There were other kids standing around, and they thought that it was pretty funny that I had pretended to be "special" and "chosen," when I was really just a kid whose mother didn't want him. I felt stupid and ashamed because I hadn't even known the truth about myself, and suddenly I felt that there was something wrong with me.
I wondered: Who was my birth mother? Why did she give me away? Why didn't she want me? And what about Mom? Did she know I was a bastard? If she found out, would she still love me? Would it break her heart? Would she send me away, like my birth mother had? So many questions-and I had no one to ask.
I couldn't ask Mom. Since I was at boarding school most of the time, I didn't want to spoil our brief time together with unpleasant questions. I didn't even know what questions to ask. Besides, I couldn't ask a question without divulging information. I couldn't say, "Why did nay birth mother give me away? Was it because I'm a bastard?" From my childlike perspective, Mom couldn't have known I was illegitimate, or she never would have adopted me, and I sure didn't want her to find out! If my birth mother sent me away because I was illegitimate, then Mom might send me away, too. So I never asked my mother any questions.
When that kid at school hung the "bastard" label on me, nay self-image changed. That label affected my security as a member of the Reagan family. I had seen maids, cooks, and nannies come and go, and I wondered if my own status in the family wasn't just as shaky. From that day forward I felt I needed to earn my way into the Reagan family.
I never again bragged at school about being "chosen." And I never again felt "special." But I did feel marked.
Hating myself, hating God
The next time I went home for the weekend, I went to the library of my mother's home. There were hundreds of books in that room, but one huge leather-bound book dominated the rest: my mother's big Bible. I had often seen Mom reading that Bible. I thought, Maybe the Bible has an answer for me.

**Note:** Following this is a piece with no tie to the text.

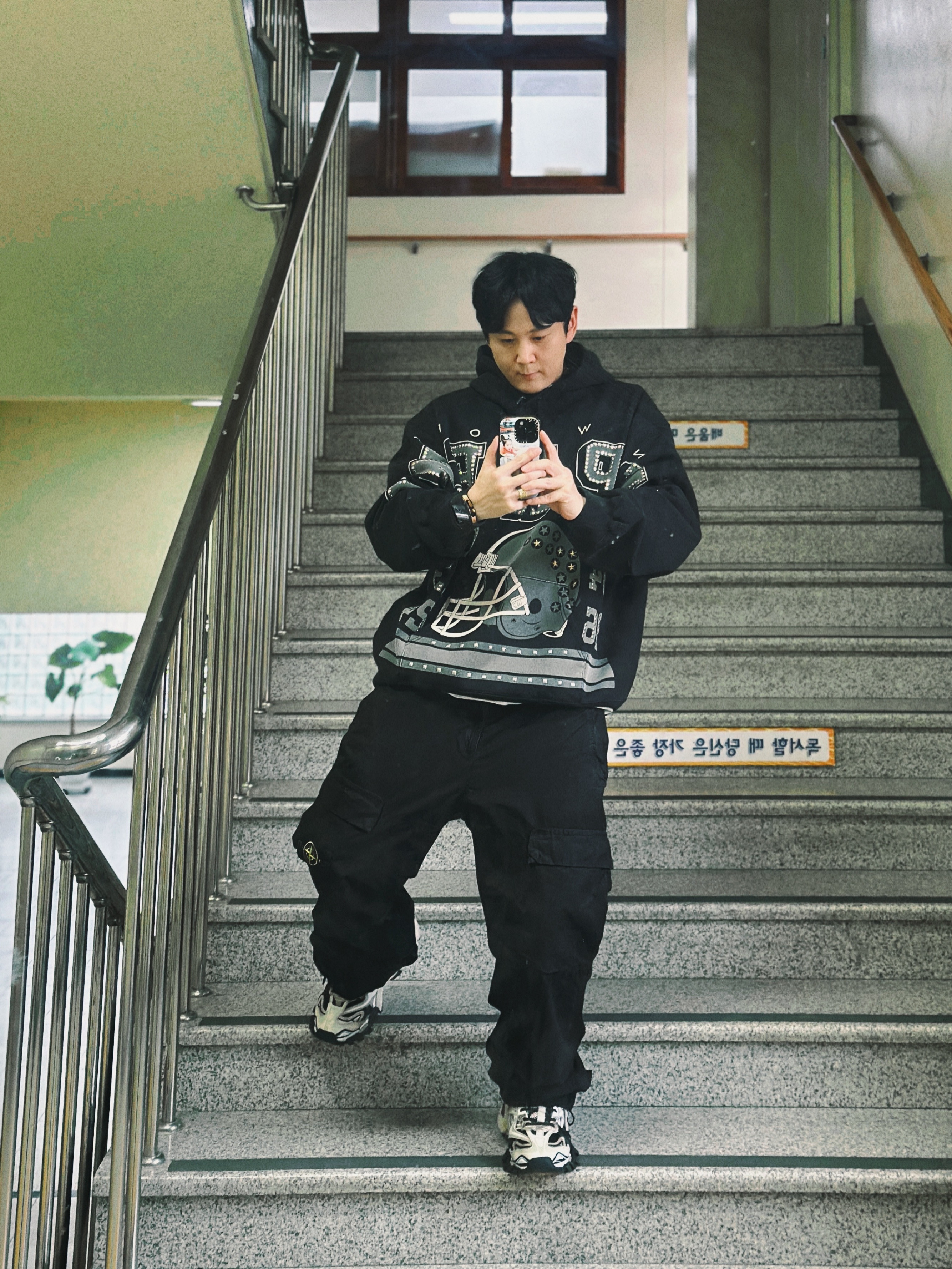 Supreme Champions Studded Hooded Sweatshirt Black - 24FW, Supreme Repeat Leather Belt Black 착용 스타일 - 1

I was seven years old and had never read the Bible on my own. I didn't even know where to begin. I knew some books had an index in the back. So I flipped to the back of the Bible and found the concordance. I looked for the word bastard-and I found it. Good, I thought. I'll find out what the Bible says about a bastard.
The concordance pointed me to Deuteronomy 23:2. There, in the King James Version, I read these words: "A bastard shall not enter into the congregation of the LORD; even to his tenth generation shall he not enter into the congregation of the Lord."
My heart froze inside me. I snapped the book shut. In my limited seven-year-old understanding, I thought that those words meant, "A bastard can never go to heaven. A bastard is damned to hell, and so are his kids and grandkids and great-great-great-great grandkids, to the tenth generation."
That was in 1952. I didn't open a Bible again until 1978.
Today, of course, I realize that the book of Deuteronomy is a book of laws governing the community of ancient Israel. The words I read had nothing at all to do with heaven or hell, but how could a seven-year-old understand such things while reading the Bible for the very first time? When I read those words, I thought my eternal fate was sealed.
Then the thought hit me: My gosh! That must be why my birth mother got rid of me! Nobody wants a child who's going to hell! And what about Mom? She's so religious! What if she finds out I can never go to heaven?
I lived in fear-not only fear that I would spend eternity in hell but also fear that my mother would find out I was illegitimate.